In the bustling, diverse streets of New York City, where dreams are woven into the very fabric of its existence, one visionary filmmaker stands out as a beacon of creativity. Born and raised in the city that never sleeps, Mariama Diallo, 35, has emerged as a distinctive voice in cinema. Her latest project, "The Other Black Girl," which she directed, has garnered widespread acclaim and is now available for streaming on Hulu. In this week's Director's Cut feature, we delve into the life and artistry of this remarkable director, exploring her journey from the iconic streets of New York City to the silver screen.
BET: When did you first fall in love with film?

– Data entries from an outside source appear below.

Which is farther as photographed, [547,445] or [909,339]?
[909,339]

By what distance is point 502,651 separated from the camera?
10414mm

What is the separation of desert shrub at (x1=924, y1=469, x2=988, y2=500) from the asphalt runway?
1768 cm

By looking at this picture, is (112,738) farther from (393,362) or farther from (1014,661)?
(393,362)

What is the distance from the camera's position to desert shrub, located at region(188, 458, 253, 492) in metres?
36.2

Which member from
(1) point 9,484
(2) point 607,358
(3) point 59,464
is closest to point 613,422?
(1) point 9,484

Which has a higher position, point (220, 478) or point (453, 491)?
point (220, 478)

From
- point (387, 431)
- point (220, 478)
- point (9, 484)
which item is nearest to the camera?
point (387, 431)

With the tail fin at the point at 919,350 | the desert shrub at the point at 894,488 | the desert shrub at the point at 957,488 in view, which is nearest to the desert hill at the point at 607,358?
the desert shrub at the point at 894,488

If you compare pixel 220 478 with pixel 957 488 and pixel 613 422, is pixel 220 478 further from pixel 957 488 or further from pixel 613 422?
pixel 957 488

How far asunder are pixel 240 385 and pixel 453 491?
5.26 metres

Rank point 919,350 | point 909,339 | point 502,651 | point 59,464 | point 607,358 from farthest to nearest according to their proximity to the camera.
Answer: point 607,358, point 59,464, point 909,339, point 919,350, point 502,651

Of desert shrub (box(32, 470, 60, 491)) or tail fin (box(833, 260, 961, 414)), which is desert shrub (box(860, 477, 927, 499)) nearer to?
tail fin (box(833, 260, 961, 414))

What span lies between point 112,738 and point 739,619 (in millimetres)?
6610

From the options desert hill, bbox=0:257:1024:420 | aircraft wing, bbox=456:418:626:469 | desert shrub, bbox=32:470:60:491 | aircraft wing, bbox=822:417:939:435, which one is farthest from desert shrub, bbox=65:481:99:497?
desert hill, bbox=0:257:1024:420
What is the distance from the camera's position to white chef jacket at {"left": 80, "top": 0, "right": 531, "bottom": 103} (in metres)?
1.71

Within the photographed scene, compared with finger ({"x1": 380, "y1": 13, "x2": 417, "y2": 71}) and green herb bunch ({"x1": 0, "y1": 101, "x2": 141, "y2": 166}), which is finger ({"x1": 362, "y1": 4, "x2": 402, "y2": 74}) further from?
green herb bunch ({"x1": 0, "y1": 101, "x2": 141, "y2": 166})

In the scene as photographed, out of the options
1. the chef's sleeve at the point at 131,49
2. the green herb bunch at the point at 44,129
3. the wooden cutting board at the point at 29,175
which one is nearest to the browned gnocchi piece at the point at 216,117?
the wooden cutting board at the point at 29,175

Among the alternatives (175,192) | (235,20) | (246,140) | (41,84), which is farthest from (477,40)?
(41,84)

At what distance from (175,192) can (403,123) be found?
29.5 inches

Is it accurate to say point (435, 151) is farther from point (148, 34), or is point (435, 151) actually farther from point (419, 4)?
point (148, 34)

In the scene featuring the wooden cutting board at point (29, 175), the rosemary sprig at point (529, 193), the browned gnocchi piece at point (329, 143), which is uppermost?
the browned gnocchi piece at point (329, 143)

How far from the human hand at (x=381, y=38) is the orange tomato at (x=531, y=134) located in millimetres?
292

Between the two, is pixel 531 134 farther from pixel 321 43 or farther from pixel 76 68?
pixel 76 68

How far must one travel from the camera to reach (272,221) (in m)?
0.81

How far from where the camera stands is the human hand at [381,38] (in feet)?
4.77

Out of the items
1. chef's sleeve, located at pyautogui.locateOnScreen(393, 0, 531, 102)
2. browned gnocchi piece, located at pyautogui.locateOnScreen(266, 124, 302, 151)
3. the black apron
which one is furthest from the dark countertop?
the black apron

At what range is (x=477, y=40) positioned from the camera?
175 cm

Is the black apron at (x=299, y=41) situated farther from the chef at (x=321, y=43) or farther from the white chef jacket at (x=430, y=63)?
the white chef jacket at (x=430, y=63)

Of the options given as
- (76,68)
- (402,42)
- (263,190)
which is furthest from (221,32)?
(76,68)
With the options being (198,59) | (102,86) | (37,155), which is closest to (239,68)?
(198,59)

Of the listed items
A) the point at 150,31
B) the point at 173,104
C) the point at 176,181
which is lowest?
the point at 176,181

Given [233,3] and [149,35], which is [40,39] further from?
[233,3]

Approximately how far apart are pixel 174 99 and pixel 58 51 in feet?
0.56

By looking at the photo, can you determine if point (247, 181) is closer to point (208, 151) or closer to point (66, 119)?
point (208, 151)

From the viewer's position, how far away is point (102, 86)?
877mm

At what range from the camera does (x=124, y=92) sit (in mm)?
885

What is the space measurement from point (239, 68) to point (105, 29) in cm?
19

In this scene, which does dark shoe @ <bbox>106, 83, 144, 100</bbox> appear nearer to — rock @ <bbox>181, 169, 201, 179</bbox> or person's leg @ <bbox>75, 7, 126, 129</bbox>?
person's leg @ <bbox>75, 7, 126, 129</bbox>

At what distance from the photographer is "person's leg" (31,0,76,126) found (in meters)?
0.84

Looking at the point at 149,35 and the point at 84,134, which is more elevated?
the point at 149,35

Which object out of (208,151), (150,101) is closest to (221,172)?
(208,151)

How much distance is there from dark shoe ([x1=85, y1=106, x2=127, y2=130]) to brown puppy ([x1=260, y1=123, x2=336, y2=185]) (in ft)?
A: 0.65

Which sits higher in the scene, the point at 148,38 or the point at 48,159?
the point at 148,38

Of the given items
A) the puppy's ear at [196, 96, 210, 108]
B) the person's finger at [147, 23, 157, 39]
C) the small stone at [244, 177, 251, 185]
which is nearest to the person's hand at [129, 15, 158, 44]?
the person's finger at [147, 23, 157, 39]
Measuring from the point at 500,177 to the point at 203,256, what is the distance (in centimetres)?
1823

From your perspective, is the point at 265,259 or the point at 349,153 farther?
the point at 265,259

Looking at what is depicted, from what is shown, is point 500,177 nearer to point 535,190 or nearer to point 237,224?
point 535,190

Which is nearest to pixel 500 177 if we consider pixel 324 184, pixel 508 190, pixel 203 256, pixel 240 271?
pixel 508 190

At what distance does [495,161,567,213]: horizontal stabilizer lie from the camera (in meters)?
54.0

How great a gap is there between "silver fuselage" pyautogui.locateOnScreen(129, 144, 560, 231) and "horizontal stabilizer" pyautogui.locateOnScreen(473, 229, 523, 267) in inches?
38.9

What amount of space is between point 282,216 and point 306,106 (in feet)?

Mariama Diallo: There's a very specific moment that I can trace back to when I decided that I wanted to become a director. I was in ninth grade, and I just declared to myself that I was going to be a film director. On my way home from school, I stopped at a Blockbuster video that was going out of business, and they were selling off their stock. I bought some DVDs of what I had a loose idea were art films. I watched them, and I was struck by each one. I fell in love with the idea of filmmaking. From that point on, it was my singular goal.
BET: How has New York shaped your love for filmmaking?
Mariama Diallo: New York is incredible. I say this, obviously as a true partisan, I think that it's shaped my love for filmmaking in so many different ways. The most immediate level, access to cinemas that show outside of the mainstream, multiplex offerings. All my life, I've had the opportunity to see incredibly rare and less popular films. On the other hand, I think that New York is a great place to be a filmmaker, because there's just so many people. I'm nosy. I'm a huge eavesdropper. I love to people-watch, and I love to listen in on conversations. I truly think that has informed me as a writer, being able to write realistic dialogue, and also being familiar with an incredible diversity of people.
BET: So you did several shorts, but "Master" starring Regina Hall was a big moment for you. What was your vision behind the lens for that project?
Mariama Diallo: "Master" was an incredibly personal project for me, and it's something that I started writing probably about eight years ago or so when I recently graduated from college. I wanted to reveal a particular truth about my experience and observations. I also wanted to do it in the style of the emotions that it evoked -- it's visually a very austere kind of film, the camera movements are, by and large, very slow or static; I really wanted to call to mind that very frozen Northeastern atmosphere. It was a really interesting process, just thinking about how to bring those memories, imaginations, and inventions to a story in a visual way.
BET: "The Other Black Girl" is currently on Hulu. I see some connections in "Master" and "The Other Black Girl," as far as Black women's storytelling.
Mariama Diallo: You're absolutely right. There are connections and commonalities between "Master" and "The Other Black Girl." I would probably imagine that at the heart of it is that there are shared experiences and histories between myself and Zakiya Dalila Harris, the creator of the series. Despite being our own people, there are similar traumas that we both emerged from and were kind of similar points in our lives of trying to unpack and understand. The shape it takes when rendered onto this screen and into a story is similar. Just knowing Zakiya and having spoken to her about her experience in publishing, there was a lot that was reminiscent of my own undergraduate college experience and the pressures and insanity of being incredibly isolated in very white spaces. It reaches an absurd level very quickly. [Laughs] I think that it almost behooves the story to take some kind of genre turn beyond the drama because it can sometimes feel like drama is not enough to render these experiences.
BET: We are all the directors of our own life. What does the director's cut of your life and your journey look like thus far?
Mariama Diallo: The director's cut of my journey is almost like an iceberg. The largest portion of my journey working in Hollywood came before I ever worked in Hollywood. I spent my 20s writing screenplays, making experimental documentaries, making short films, and putting in immense amounts of legwork for projects that will never be seen, scripts that will always stay on my hard drive -- that was the most important part of my career, probably. "Master," I think, was the sixth feature-length screenplay I wrote. Before then, I was in Brooklyn in a writer's workshop, slowly developing my creative voice. I wouldn't change it; once I reached a certain benchmark in terms of short films, things began to accelerate rapidly. So, I would say it's a good eight years of toiling in obscurity, and then a rapid seven or so years of short film, festivals, and things escalated really rapidly.